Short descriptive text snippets
════
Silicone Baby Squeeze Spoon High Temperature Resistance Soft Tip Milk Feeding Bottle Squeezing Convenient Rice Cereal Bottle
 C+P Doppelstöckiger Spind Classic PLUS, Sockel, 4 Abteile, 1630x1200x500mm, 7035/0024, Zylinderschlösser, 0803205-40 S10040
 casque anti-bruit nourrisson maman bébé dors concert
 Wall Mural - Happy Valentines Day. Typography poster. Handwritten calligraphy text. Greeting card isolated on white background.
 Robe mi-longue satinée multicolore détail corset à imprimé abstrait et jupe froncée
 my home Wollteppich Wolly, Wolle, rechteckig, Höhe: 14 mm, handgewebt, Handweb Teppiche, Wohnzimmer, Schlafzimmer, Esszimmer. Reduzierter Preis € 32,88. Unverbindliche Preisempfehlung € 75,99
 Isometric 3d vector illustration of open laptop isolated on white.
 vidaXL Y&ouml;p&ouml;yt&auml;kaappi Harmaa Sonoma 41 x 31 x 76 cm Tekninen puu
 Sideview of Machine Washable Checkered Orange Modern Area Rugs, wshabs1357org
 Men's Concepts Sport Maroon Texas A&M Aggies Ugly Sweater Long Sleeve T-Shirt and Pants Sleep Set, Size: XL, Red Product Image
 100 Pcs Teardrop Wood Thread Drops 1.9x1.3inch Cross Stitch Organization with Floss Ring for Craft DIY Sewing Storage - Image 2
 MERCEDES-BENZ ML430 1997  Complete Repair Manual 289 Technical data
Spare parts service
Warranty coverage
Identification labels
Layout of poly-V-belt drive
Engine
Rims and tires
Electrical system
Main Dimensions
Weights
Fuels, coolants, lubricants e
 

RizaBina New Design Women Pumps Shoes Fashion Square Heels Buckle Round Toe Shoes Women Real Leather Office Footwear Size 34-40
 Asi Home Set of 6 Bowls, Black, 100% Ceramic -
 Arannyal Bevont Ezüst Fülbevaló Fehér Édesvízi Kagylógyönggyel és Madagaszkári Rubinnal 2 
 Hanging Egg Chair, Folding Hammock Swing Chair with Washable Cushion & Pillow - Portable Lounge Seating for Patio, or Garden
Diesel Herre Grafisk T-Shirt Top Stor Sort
════
> [What is expected]: Please give an exact copy of the entries above, from the line with "Wall Mural - Happy" down to the line with "Men's Concepts Sport", inclusive, and nothing else.

> [The answer]:
 Wall Mural - Happy Valentines Day. Typography poster. Handwritten calligraphy text. Greeting card isolated on white background.
 Robe mi-longue satinée multicolore détail corset à imprimé abstrait et jupe froncée
 my home Wollteppich Wolly, Wolle, rechteckig, Höhe: 14 mm, handgewebt, Handweb Teppiche, Wohnzimmer, Schlafzimmer, Esszimmer. Reduzierter Preis € 32,88. Unverbindliche Preisempfehlung € 75,99
 Isometric 3d vector illustration of open laptop isolated on white.
 vidaXL Y&ouml;p&ouml;yt&auml;kaappi Harmaa Sonoma 41 x 31 x 76 cm Tekninen puu
 Sideview of Machine Washable Checkered Orange Modern Area Rugs, wshabs1357org
 Men's Concepts Sport Maroon Texas A&M Aggies Ugly Sweater Long Sleeve T-Shirt and Pants Sleep Set, Size: XL, Red Product Image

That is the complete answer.